▶ [To do]:
Please set down every line of the records below exactly, without the pictures.

▶ [Data extracts]:
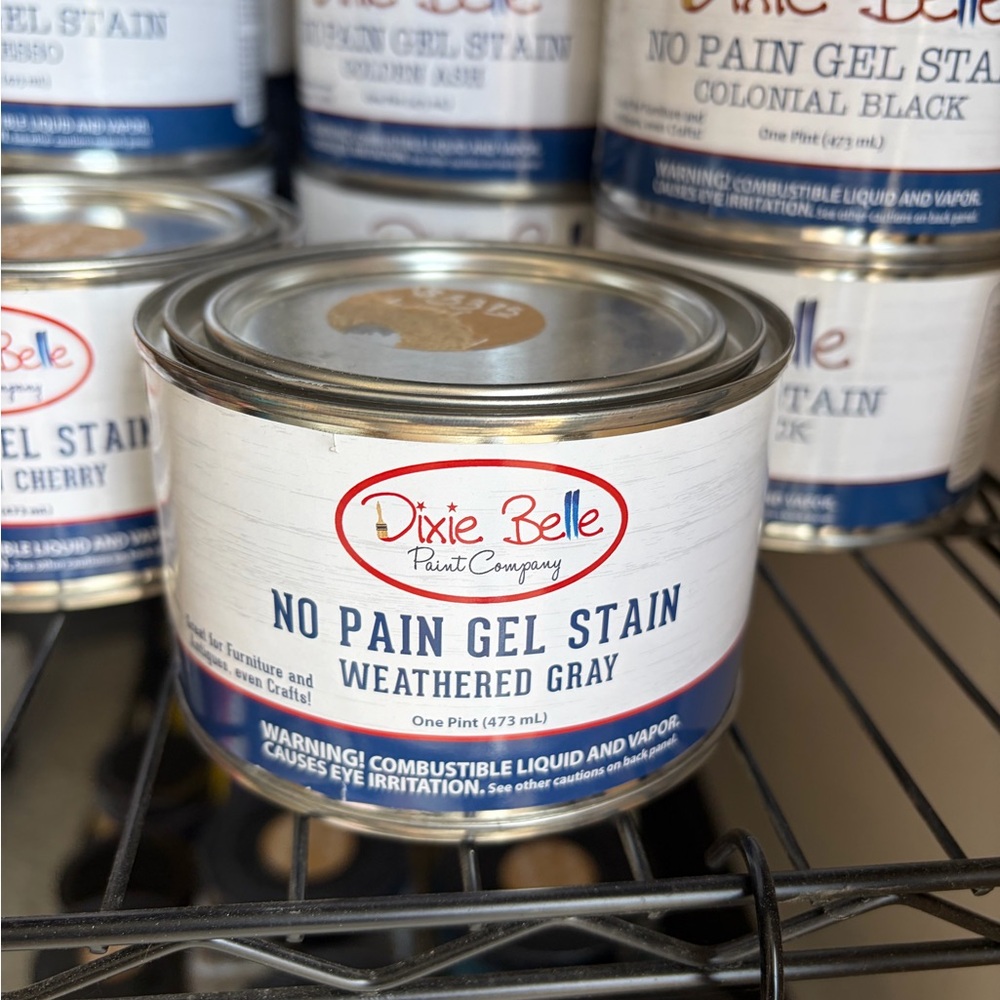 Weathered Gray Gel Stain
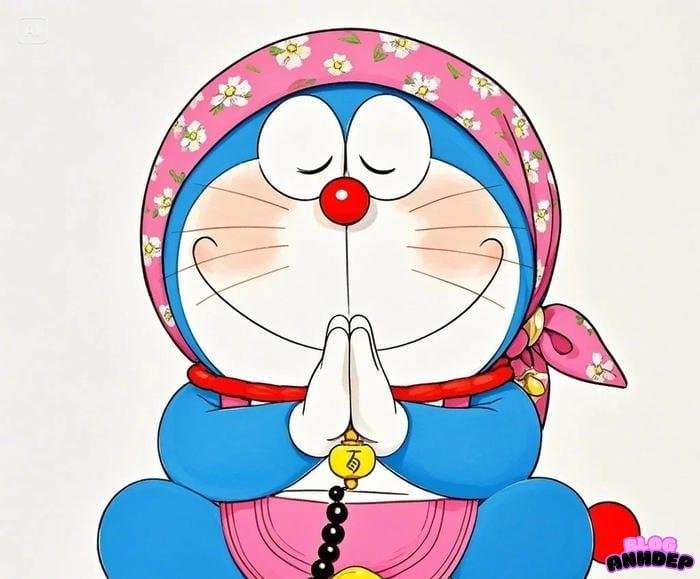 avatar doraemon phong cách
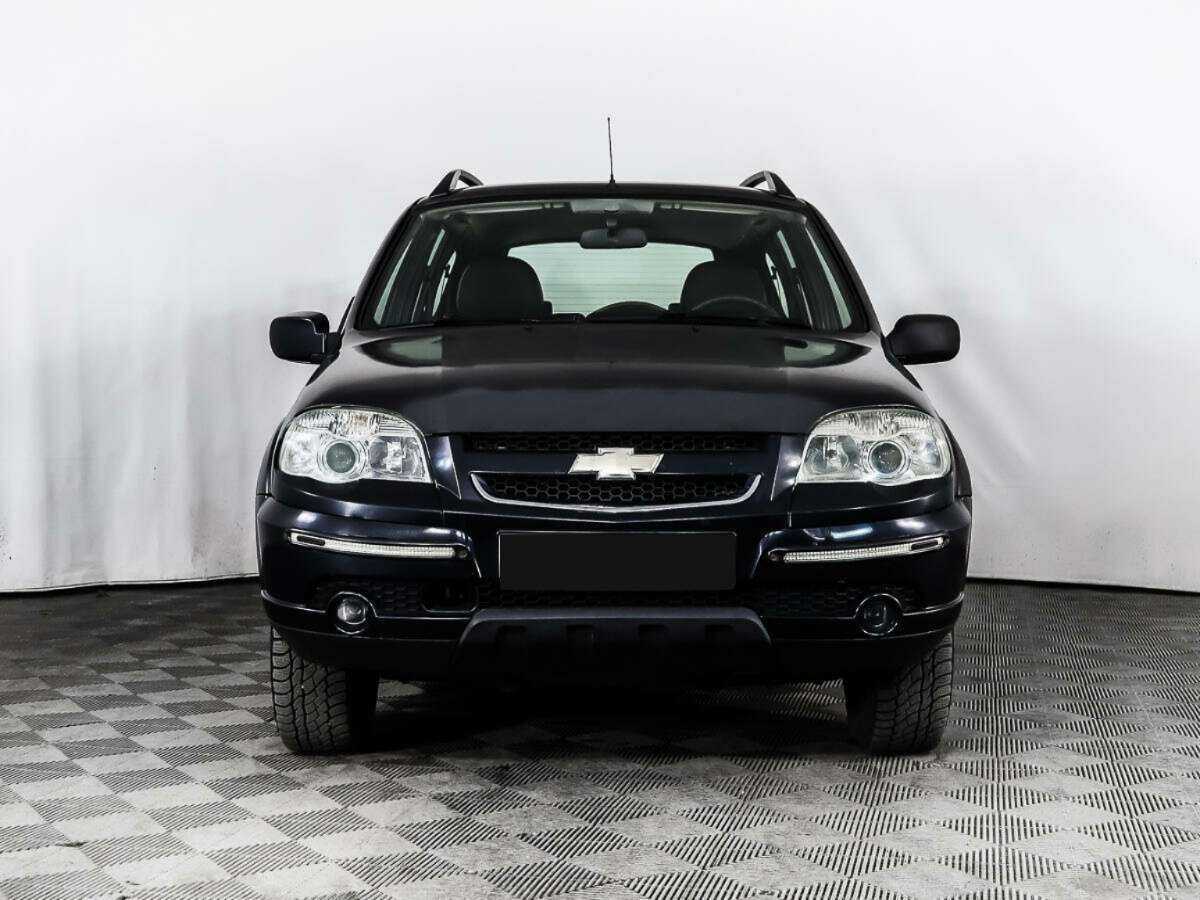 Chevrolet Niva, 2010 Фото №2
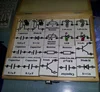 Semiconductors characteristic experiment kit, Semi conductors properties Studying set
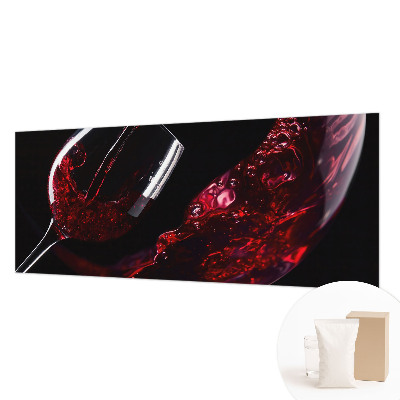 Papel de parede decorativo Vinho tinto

▶ [Task answer]:
 Weathered Gray Gel Stain
 avatar doraemon phong cách
 Chevrolet Niva, 2010 Фото №2
 Semiconductors characteristic experiment kit, Semi conductors properties Studying set
 Papel de parede decorativo Vinho tinto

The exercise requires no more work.